Re: Deprecating Future's .then()

On Mon, Jun 3, 2013 at 11:21 PM, Anne van Kesteren <annevk@annevk.nl> wrote:
> On Mon, Jun 3, 2013 at 3:13 PM, Mark S. Miller <erights@google.com> wrote:
>> Me too. I find your points about why AP2 (recursive unwrapping of callback
>> argument) is superior to AP3 (recursive unwrapping of callback result)
>> persuasive.
>
> Interesting, how would that work?

1. Promises have both unconditional lift (Future.accept/fulfill) and
conditional lift (Future.resolve).

2. If you register a .then() callback, and the promise resolves to
another promise, it will move the callbacks down to the inner promise;
this continues until it finally resolves to a non-promise value, at
which point the callbacks are called.  If the callback returns a
non-promise value, the chained promise fulfills to that; if it returns
a promise, the chained promise adopts its state in a non-recursive
manner, fulfilling directly to the same value as the returned promise.

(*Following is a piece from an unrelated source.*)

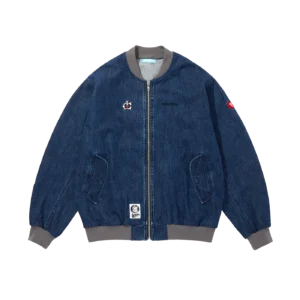 EMBROIDERED RUNNING DOG WASHED DENIM ZIP UP JACKET BLUE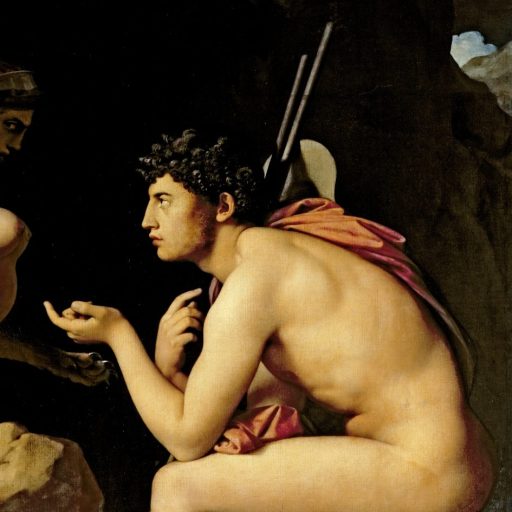 a painting of a naked man holding a sword.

3. Promises sprout another method, called .chain() or .flatMap() or
something, that doesn't do these bits of magic.  It calls its
callbacks as soon as the promise fulfills, regardless of what type of
value it fulfills to.  The callback return value must be a promise
(rejecting the chained promise with a TypeError if not, I suppose),
and the chained promise adopts its state.

Done!  This allows both methods of promise manipulation (promises as
flow control, and promises as containers) to transparently
interoperate arbitrarily, so consumers can choose at every point in
the chain whether they want to fully flatten or just get the immediate
inner value.  You never have to choose one method as "canonical" and
break anything that wants to use the other method.